Supplied data —
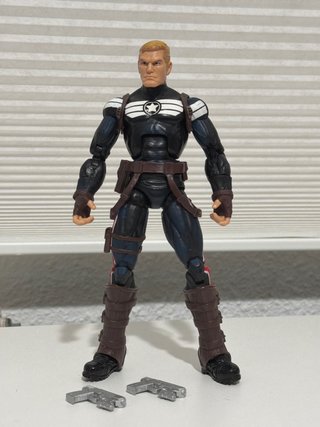 Figura Marvel Legends Capitán América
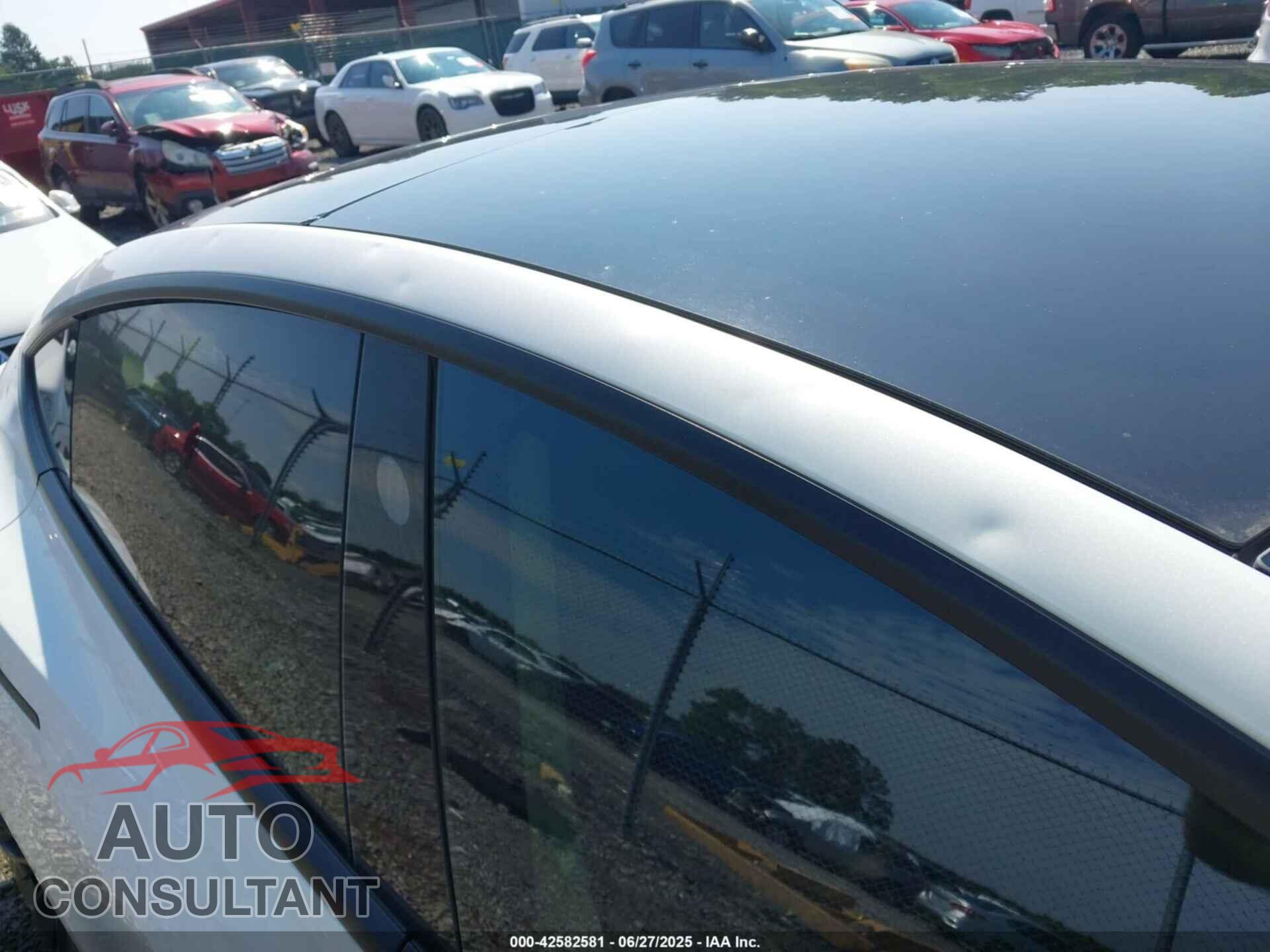 TESLA MODEL 3 2021 - 5YJ3E1EC4MF094253
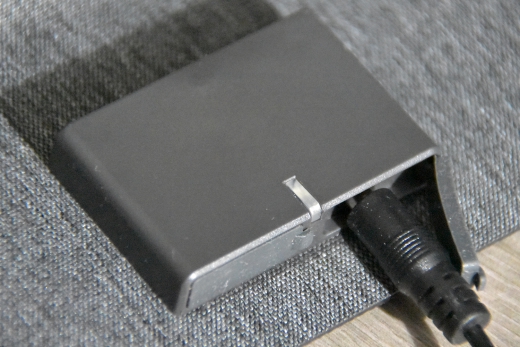 Klene Solartasche mit Controler, der einen USB-C-Ausgang zum Laden für Laptop, Smartphone oder Powerbank bereithält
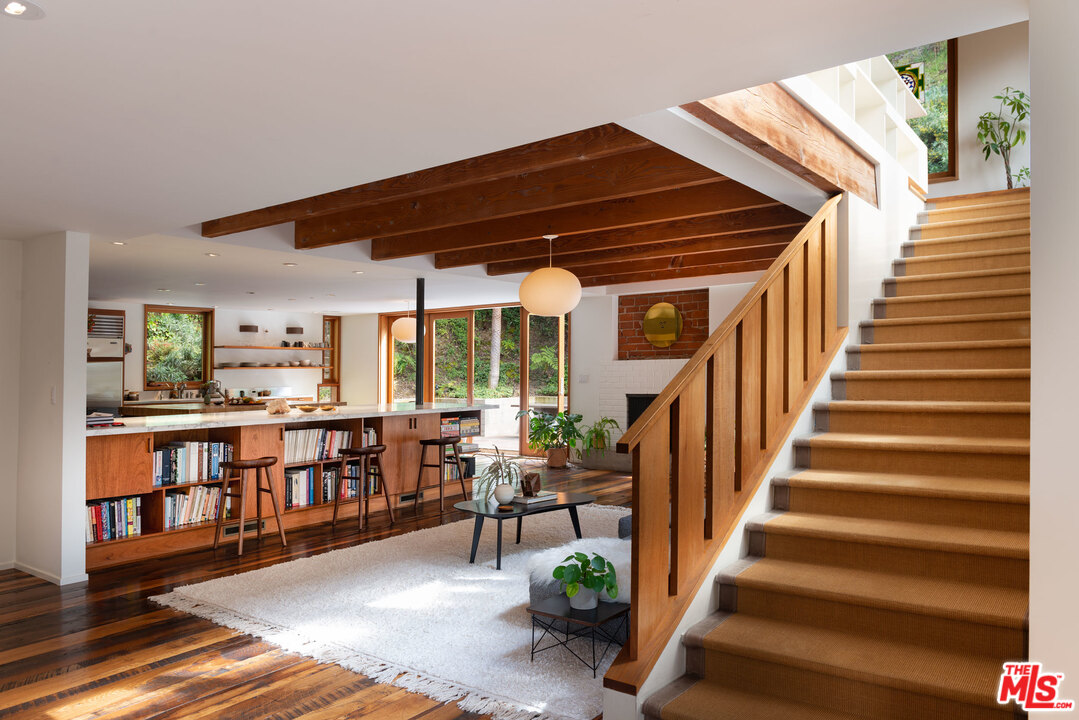 780 Latimer Road Santa Monica, CA 90402 - Photo 6 of 28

Exercise goal — Write out the data exactly, but not its pictures.

Reply —
 Figura Marvel Legends Capitán América
 TESLA MODEL 3 2021 - 5YJ3E1EC4MF094253
 Klene Solartasche mit Controler, der einen USB-C-Ausgang zum Laden für Laptop, Smartphone oder Powerbank bereithält
 780 Latimer Road Santa Monica, CA 90402 - Photo 6 of 28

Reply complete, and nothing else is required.